YOUR INSTRUCTIONS — When copying the data below, keep only the lines from the one with "Tuning is not" through the one with "Metal keychain lighter", word for word, and skip the pictures.

EXERCISE INPUTS —
========

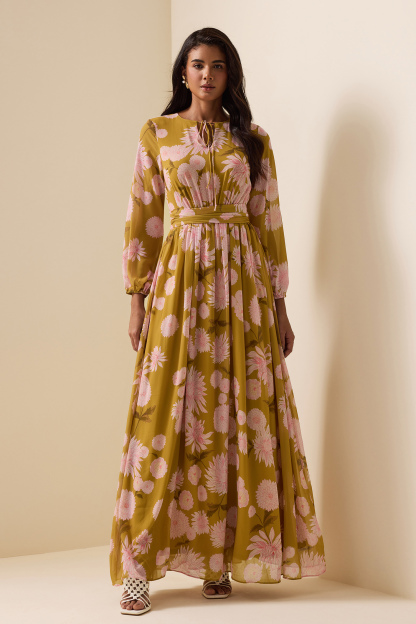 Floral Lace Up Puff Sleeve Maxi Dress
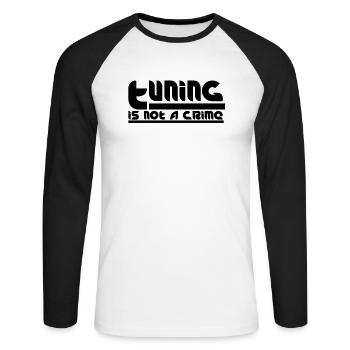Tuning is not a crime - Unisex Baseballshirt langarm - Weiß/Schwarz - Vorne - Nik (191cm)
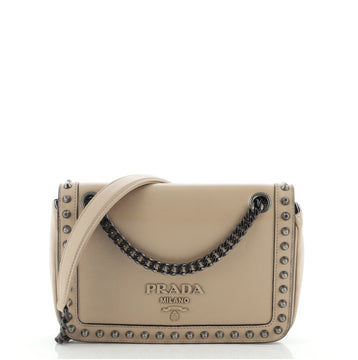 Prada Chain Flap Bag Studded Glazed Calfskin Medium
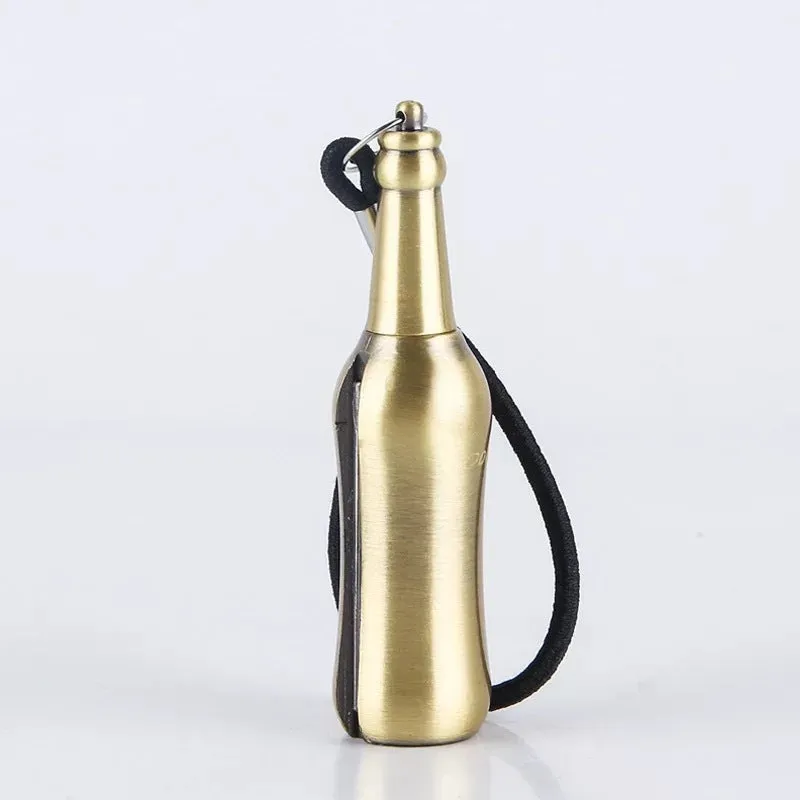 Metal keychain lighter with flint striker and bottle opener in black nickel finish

========

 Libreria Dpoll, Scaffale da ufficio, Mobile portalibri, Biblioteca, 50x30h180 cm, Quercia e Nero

========

RESPONSE FOR THIS EXERCISE —
Tuning is not a crime - Unisex Baseballshirt langarm - Weiß/Schwarz - Vorne - Nik (191cm)
 Prada Chain Flap Bag Studded Glazed Calfskin Medium
 Metal keychain lighter with flint striker and bottle opener in black nickel finish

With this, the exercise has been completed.